The inevitable became reality on Monday, as Texas and Oklahoma began the formal process of unwinding from the Big 12 conference and joining the SEC. It marks the first official step in a potentially seismic move that solidifies the SEC as the strongest conference in college sports and will likely send the other power conferences scrambling to catch up.
Formally, Oklahoma and Texas informed the Big 12 officially that they didn’t plan to extend the grant of rights with the league past the 2024-25 season. The schools issued a joint statement announcing their intentions.
Joint statement from Texas and Oklahoma:
"The University of Texas at Austin and The University of Oklahoma notified the Big 12 Athletic Conference today that they will not be renewing their grants of media rights following expiration in 2025." pic.twitter.com/tfi8eEq03z
— Yahoo Sports College Football (@YahooSportsCFB) July 26, 2021
In reality, Oklahoma and Texas began the first official step in a process that’s expected to end with them joining the SEC. While the timeline of when they’d play in the SEC is still muddled, the next steps are more clear.
Officially, OU and Texas have to apply to be considered by the SEC. The SEC is expected to draft a membership agreement and have conversations with its television partners, which will be ESPN alone come 2024, about the addition. Also, moving too quickly would create optics that the deal was already done, so expect the timeline before a vote to extend a few days.

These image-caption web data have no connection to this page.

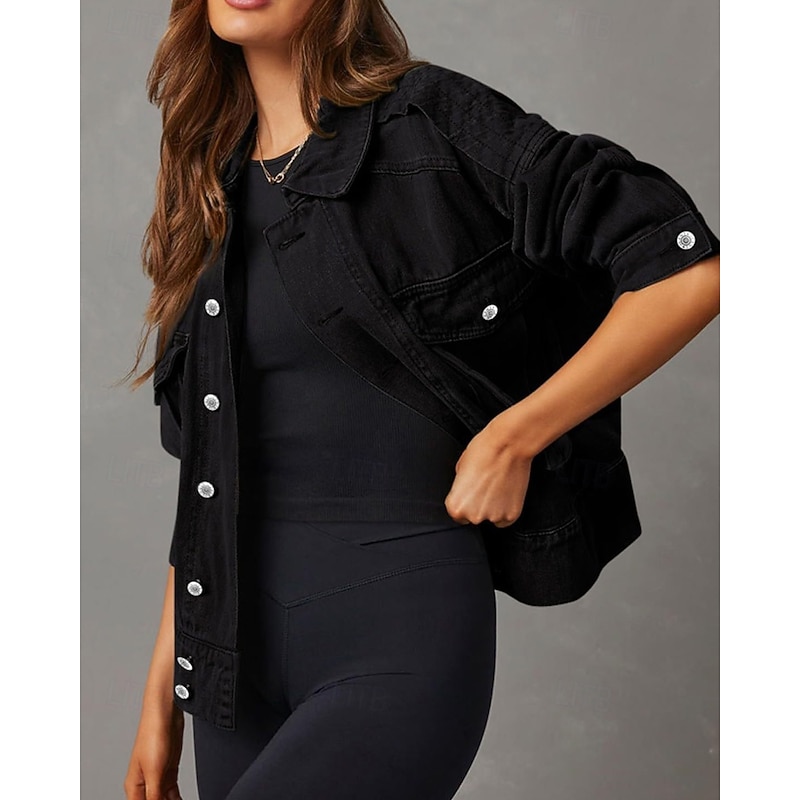 Women's Casual Jacket Comfortable Pocket Buttons Modern Casual Plain Vacation Street Going out Weekend Single Breasted Regular Turndown Regular Fit Long Sleeve Outerwear Black White Brown Fall Winter3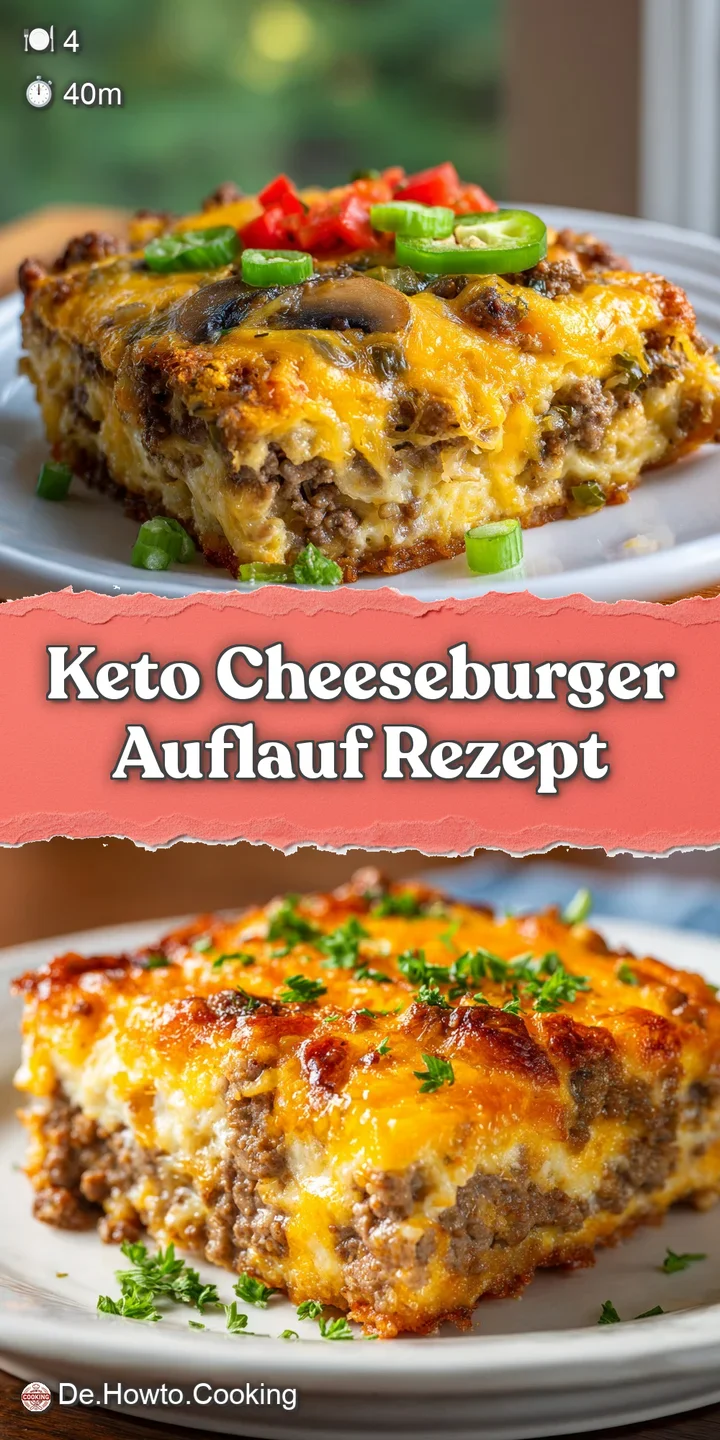 Close-up shows bubbly, browned cheese and savory ground beef in the keto cheeseburger casserole. Warm and inviting, ready ...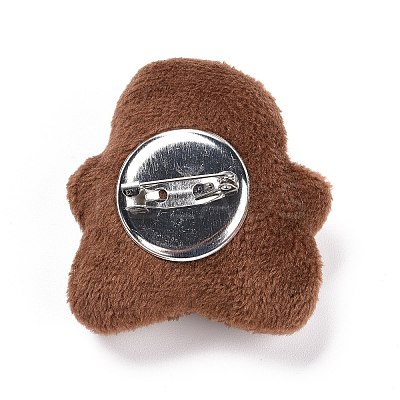 Gingerbread Man Cotton & Non-Woven & Velvet Fabric Brooch LS-JEWB-A003-11-1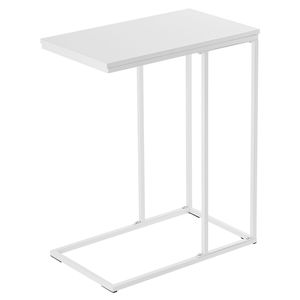 Tavolino Laterale Rettangolare in MDF e Ferro Tipo C 48*28*58cm, Singolo Strato, Bianco con Finitura Spray per Soggiorno - Product Image 6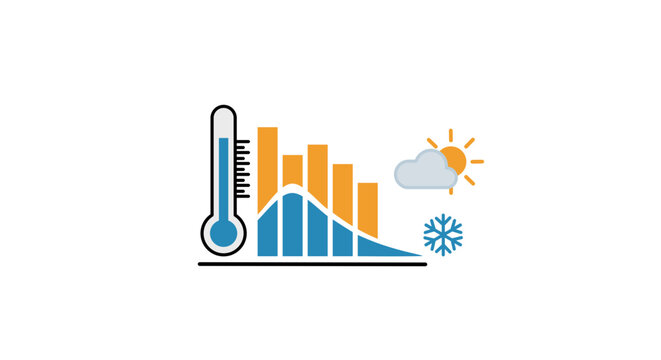A flat vector illustration representing climatology data analytics, featuring a thermometer indicating low temperature alongside a descending bar chart and wave graph.
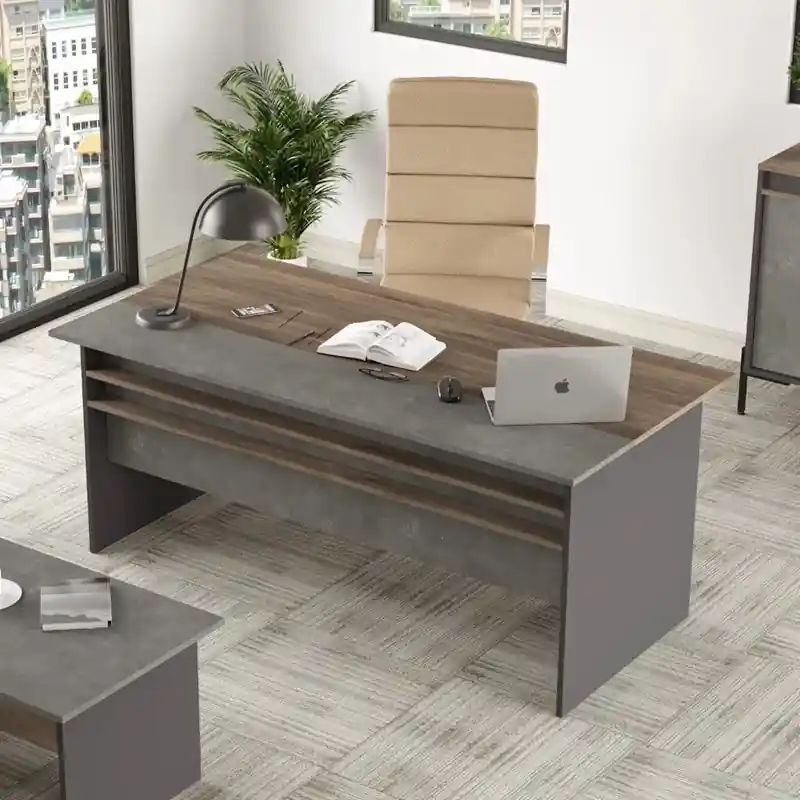 Scrivania ufficio moderna lineare 180xH75 cm rovere scuro antracite ossido Office Vendita Finale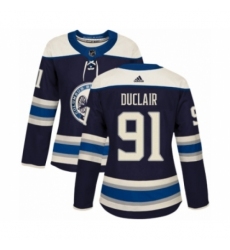 Women's Adidas Columbus Blue Jackets #91 Anthony Duclair Premier Navy Blue Alternate NHL Jersey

Barring some type of legislative or governmental Hail Mary, this is expected to sail through and be voted on by the SEC sometime this week, sources told Yahoo Sports. Even Texas A&M’s public objection gymnastics have slowed down, setting the stage for the spiral from A&M athletic director Ross Bjork’s media day fireworks to the vote being announced as unanimous. If it’s not unanimous, it’s expected to be 13-1 and end the long-running joke in conference politics that every league vote in history has been announced as unanimous.
There’s still little concern, according to sources, that Texas A&M can muster the voting capital to object to this move. With the SEC’s most powerful brands ready to embrace the move – mostly for the payoff jackpot after the 2033 season – the league’s have-nots have little interest in getting in the way of the blue bloods’ financial goals. It doesn’t behoove Vanderbilt or Missouri to get in the way of Alabama or Florida in the board room, as the have-not schools are still getting paid the same amount for drastically different performance histories.
Behind the scenes, Oklahoma and Texas are telling everyone possible that they will play out the remaining portion of their television contract through 2024. The waving of arms to get across that point is viewed more as legal strategy than reality.
First off, announcing a contract break isn’t wise. Second, officials from Oklahoma and Texas have buyouts that total nearly $150 million. If they want to avoid paying more than $75 million each in exit fees, the schools’ best chance is to sit back, sing "Kumbaya" and wait to see if the Big 12 ends up dissolving. That strategy could save a lot of money.
It’s still unlikely that Oklahoma and Texas would slog through four more years in the Big 12. It would be a recruiting disadvantage, as one of the main reasons that Texas is going to the SEC is that it lost its recruiting foothold in Houston and kept losing marquee talent around the state to Alabama and Ohio State. (Former Alabama star Jaylen Waddle, current Ohio State receiver Garrett Wilson, the Brockermeyer twins headed to Alabama and Ohio State quarterback recruit Quinn Ewers are just a few recent high-profile examples.)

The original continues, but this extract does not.